The quiet mutter of the announcer among the many slow moments of the game; the occasional wandering rambling anecdote that takes up a whole pitching change; the lovely plethora of tiny details on the batter (“from lovely Galt, Iowa, population 32!”) and the pitcher (“once pitched two innings of relief for the Wichita Wingnuts with his other arm and only gave up one hit, and that a dribbler!”) and the catcher (“spent two years as a logger in Kitimat, British Colum­bia, and recently donated bats for the entire Little League there!”) and the home-plate umpire (“a renowned Hindu scholar in the off-season!”) and the teams’ long colorful pained entertaining histories.

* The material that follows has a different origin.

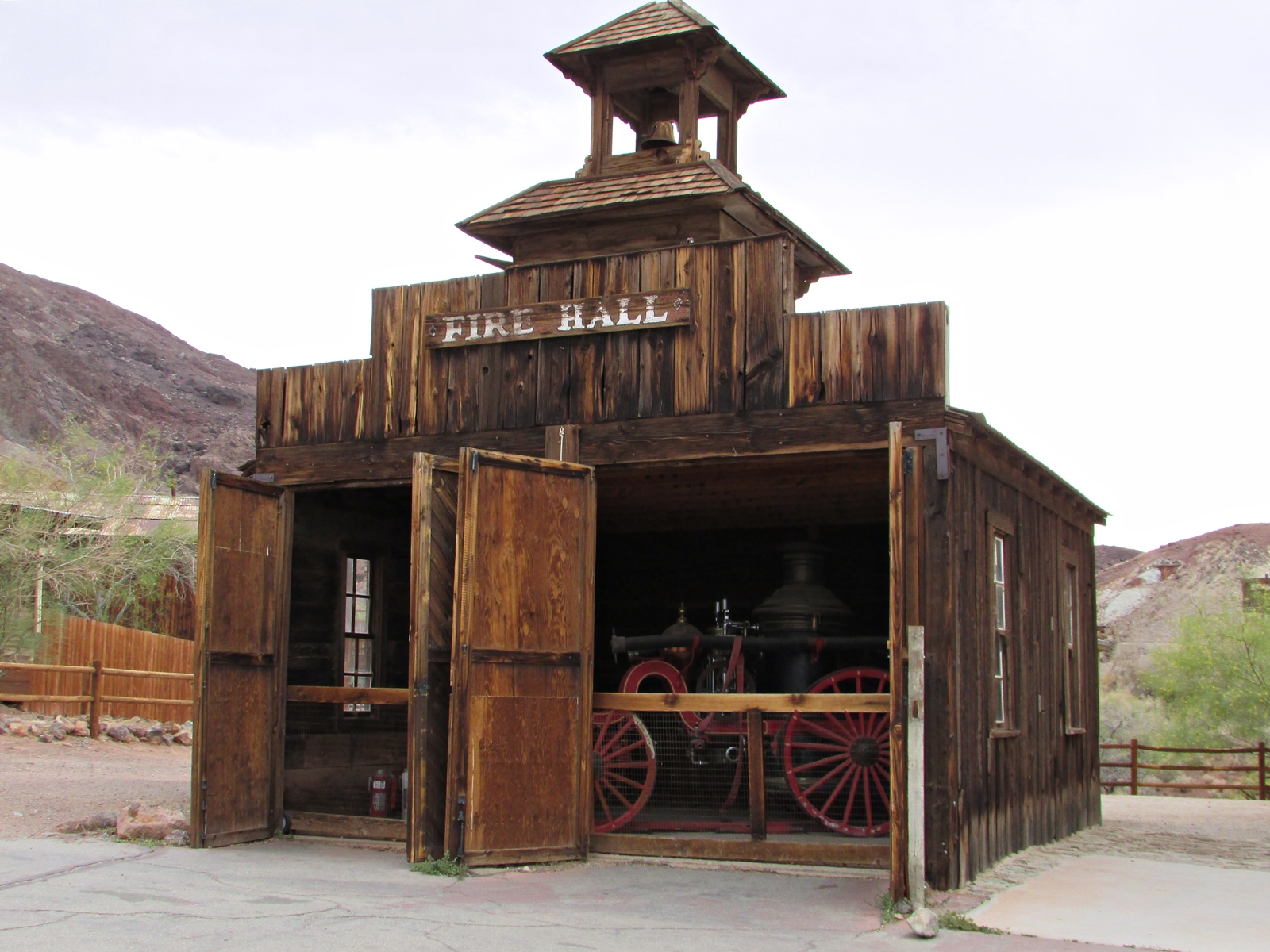 Calico Ghost town - usa rundreise - geisterstadt in der Mojave Wüste - Fire Hall - Roadtrip - Fashionladyloves by Tamara Wagner Travelblog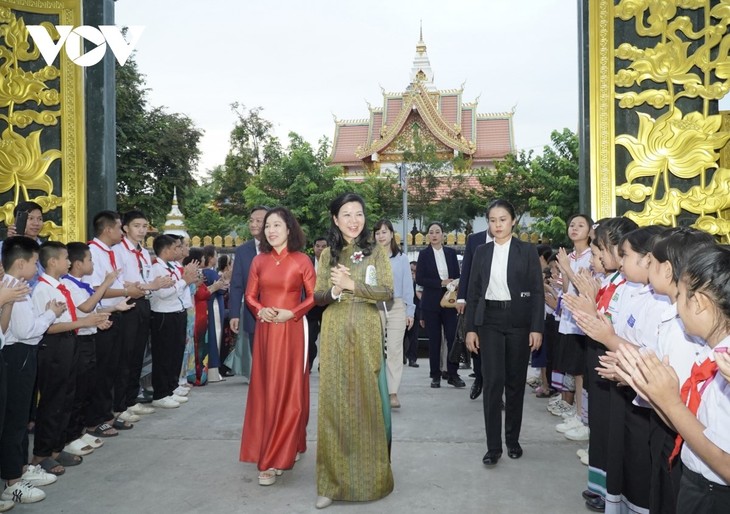 Phu nhân Tổng Bí thư tham dự Hội thảo dệt may truyền thống ASEAN lần thứ 9 tại Lào - ảnh 5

The satisfying whap of a pitch landing in the catcher’s mitt, a familiar sound, a sound you have heard since you were five years old, but here it is on the radio, as you drive along trying to discern between the foomp of a fastball and the thwick of a slider. The firm inarguable sound of the bat driving the ball somewhere, and the only way you can tell it’s a homer is by the rising thunder of the crowd and the rising excitement in the announcer’s voice; and bless the an­nouncer who does not try for a signature call, a trademark, a hallmark, a catchphrase, but simply unadornedly shouts back back back gone!